Where we are slower is because we're being measured and purposeful, bringing our capabilities to market in a very disciplined form. Again, that speaks to trust and risk management.
We're really seeing even across the diverse types of clients that we have, there's a real appreciation now of bringing those risk management principles into this market. I don't know how many times we’ve heard the word “trust” used by our clients.
Our clients, they're always thinking about the next step. What’s important for our clients is not just the custody element of what we're doing. It's [also] the ability to add even more services as we start to see the market open up a little bit more.
We will meet that demand, whether it's execution, or other capabilities, driven by our clients and driven by our regulators. Clients don't want that bifurcation and the operational burden on them. But they also want to make sure that the basic principles of trust are in place and those are the guardrails we build on.
Crypto, of course, is a broad industry. Can you walk me through some of the assets your clients are interested in?
Specifically, what we're aligned with now is the ability to custody bitcoin and ether for a select number of U.S. clients. That's where our client demand is. The clients we’re partnering with to deliver this service had already made investments in those currencies and just needed a service provider.
We will be very, very disciplined on the expansion of currencies outside of those two. Each currency brings its own unique risk profile. So we will be putting [those] through our protocols internally to assess if we feel like those currencies can actually meet the standards that we would expect, and therefore that we would service.
We will expand the offering past cryptocurrencies pending demand into other types of assets. We're seeing a lot of interesting projects in the bond space. We've got a lot of clients that are discussing tokenization of real assets with us.

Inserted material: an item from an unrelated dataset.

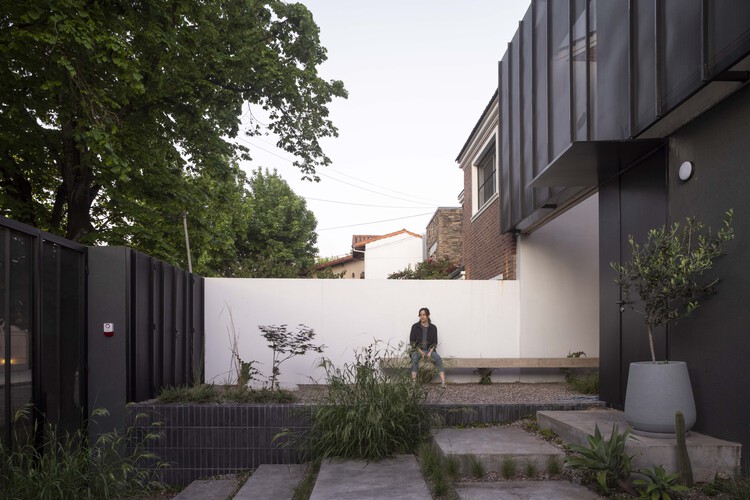 Olivos House / Estudio GLAD - Exterior Photography, Concrete, Courtyard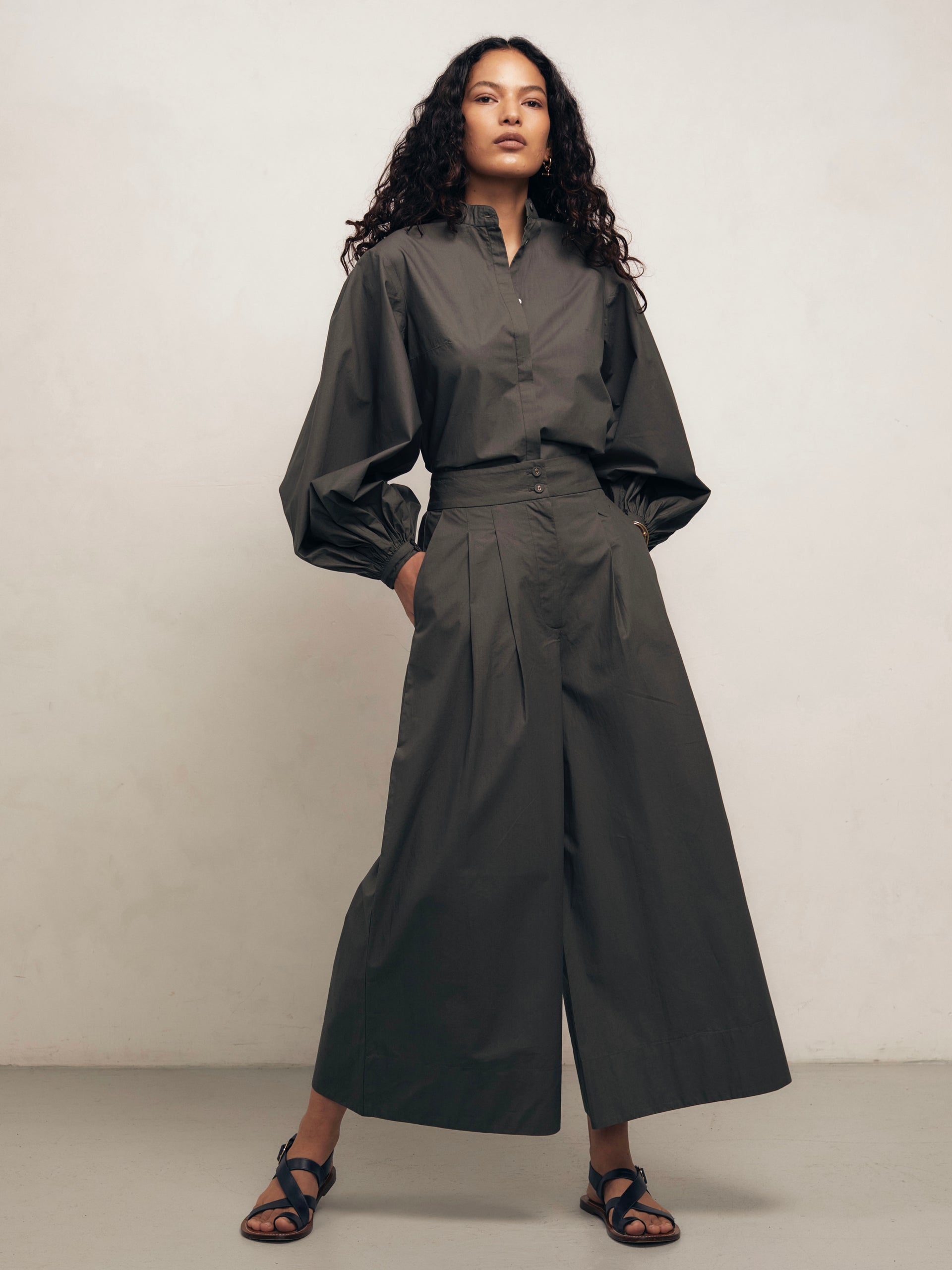 Bateau Dark Cotton Poplin Trousers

I would say the tokenization side of the market is less mature. There are more POCs [proof of concepts] in that space than the crypto side. There are a lot more projects that are in either an ideation space, or are narrow projects that people that are starting to work on.
Can you talk about your own personal insight into bitcoin? I see you spent nearly 20 years at J.P. Morgan before moving to BNY just recently.
You're trying to age me. I was with J.P. Morgan for 18 years. I moved here over two years ago. I like to call myself a banking veteran.
I've always been on the product innovation side, starting in the trading desks, and then moving into derivatives clearing, collateral management, and the last five years in custody. So I've always specialized in innovating new products.
DLT [distributed ledger technology] is just another technology. The ability to move assets more efficiently is always something that would be attractive just given my role. A consistent part of my role over the different areas has been learning new technologies and seeing if those technologies actually solve some of the problems that exist in the industry.
One of the more interesting things about distributed ledger technology is how much that technology could aid in making current processes in the traditional space more efficient.
There's a segment of crypto that rejects the role of centralized major institutions like BNY and other banks. How do you plan to navigate that?
We're the world's largest custodian so we represent a large number of institutional clients. Our institutional clients are asking us to come into this space as a trusted provider with a track record of innovating and leveraging new technologies. So they're needing our institutional-grade standards to come into this market to help mature it in a safe and responsible way.
This asset class has become mainstream already, and we'll do our part to make sure it does so safely for our clients.